Sunday, June 23, 2013

Developing android apps with Kotlin

For those who haven't heard yet, Kotlin is new JVM language developed by JetBrains, creators of IntelliJ IDEA, which many people consider the best java IDE.

Kotlin is still in development, beta should be released in following months, according to Kotlin forum, but it is already stable enough to do some real work in it.

Being java programmer for a long time, I always liked it for simplicity of the language itself, stability, large ecosystem of frameworks and libraries, cross-platform support etc...

But sometimes I missed few things that other languages have and Java doesn't.  Mostly things that would boost my productivity and make me write less code that is still elegant and readable.

One of those things is passing a function as an argument to another function (feature known as higher order functions or closures).  Writing listeners every time you need to use some kind of callback function can be really tedious. If you can pass callback function as an argument to another function/method it can really save time and lines of code. Javascript and Actionscript, languages that I used for some client side development, and that I considered inferior to java in many ways , have this for a long time.
Kotlin, as almost every other modern language has this feature.

Another thing that can save code and time is having default values of method arguments, so passing those arguments can be omitted in method call. This reduces, if not removes, the need for method overloading since it is more flexible way of having different combinations of arguments. 
I liked this feature in ActionScript , but Kotlin goes one step further: it supports default argument values, but it also supports passing arguments by name. This means, for example,  that you can pass only first and fourth argument, skipping second and third if they have default values. In action script if you want to pass forth argument you also need to pass all arguments before it.

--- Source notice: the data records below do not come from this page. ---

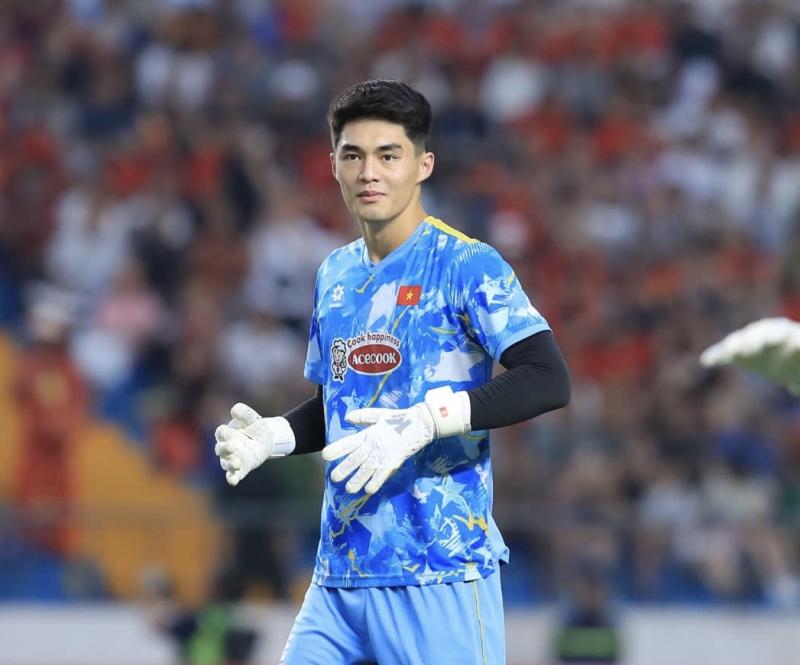 Thủ môn ĐT Việt Nam bây giờ toàn "nam thần" cao 1m88, phong độ cực cháy: Trung Kiên, Văn Lâm, Patrik Lê Giang, ai bắt chính?- Ảnh 4.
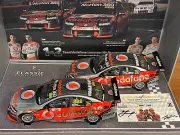 2010 Bathurst 1-2 Finish Holden VE Commodore Triple Eight Race Eng 1:18 Twin Set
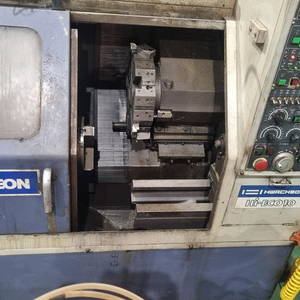 화천 CNC 선반 8인치 작동상태 양호/ 칩콘베어 있음 이미지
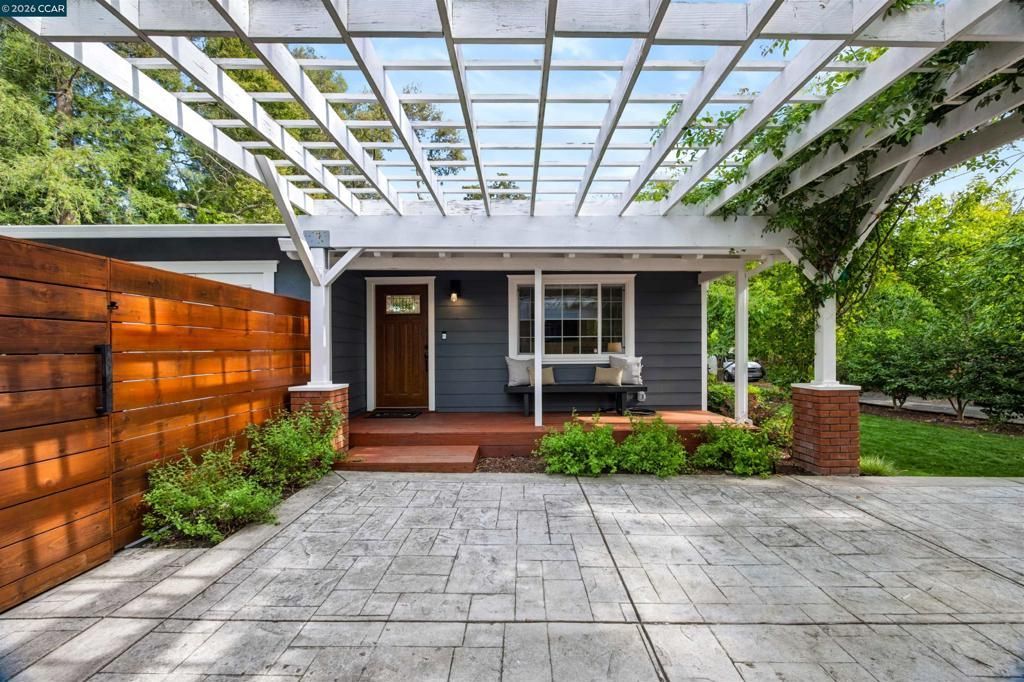 1042 Sunnybrook Dr, Lafayette, CA 94549 Main Photo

There are lots of other features that make Kotlin code shorter and more elegant then Java code. 

Elegance and ease of use is not  Kotlin's only advantage over Java,   there are also features that make Kotlin more powerful, although with greater power comes more responsibility so in general it requires programmer to be more careful. 
To mention just few of them: null-safety, immutability, extension functions, lambdas, inline functions, operator overloading, range expressions... etc.
To see full list of Kotlin features check out docs page and  don't miss comparison to Java.

Many modern languages have very similar feature list like Kotlin: Java 8, Scala, Ceylon, Clojure (clojure is little bit different animal since it's Lisp dialect). So why to choose Kotlin?

For Java programmer Kotlin should be the easiest to switch to (except of course Java 8), since one of main goals of Kotlin is to be Java-compatible. This means that Kotlin should provide much better interoperability with Java then Scala, Clojure, Ceylon... 
Also, Kotlin compiles as fast as java , that is another goal of Kotlin authors.

Scala is Kotlin's main competitor so it is good to know what are similarities and differences between them.

Since Android apps run on Java and Kotlin is highly interoperable with Java it is possible to write android apps using Kotlin.

Here are some useful links on how to start with it:

For now, using IntelliJ IDEA is the easiest way to develop with Kotlin. 

I look forward to make myself more familiar with Kotlin using it on my new android app and I will share my experience here soon.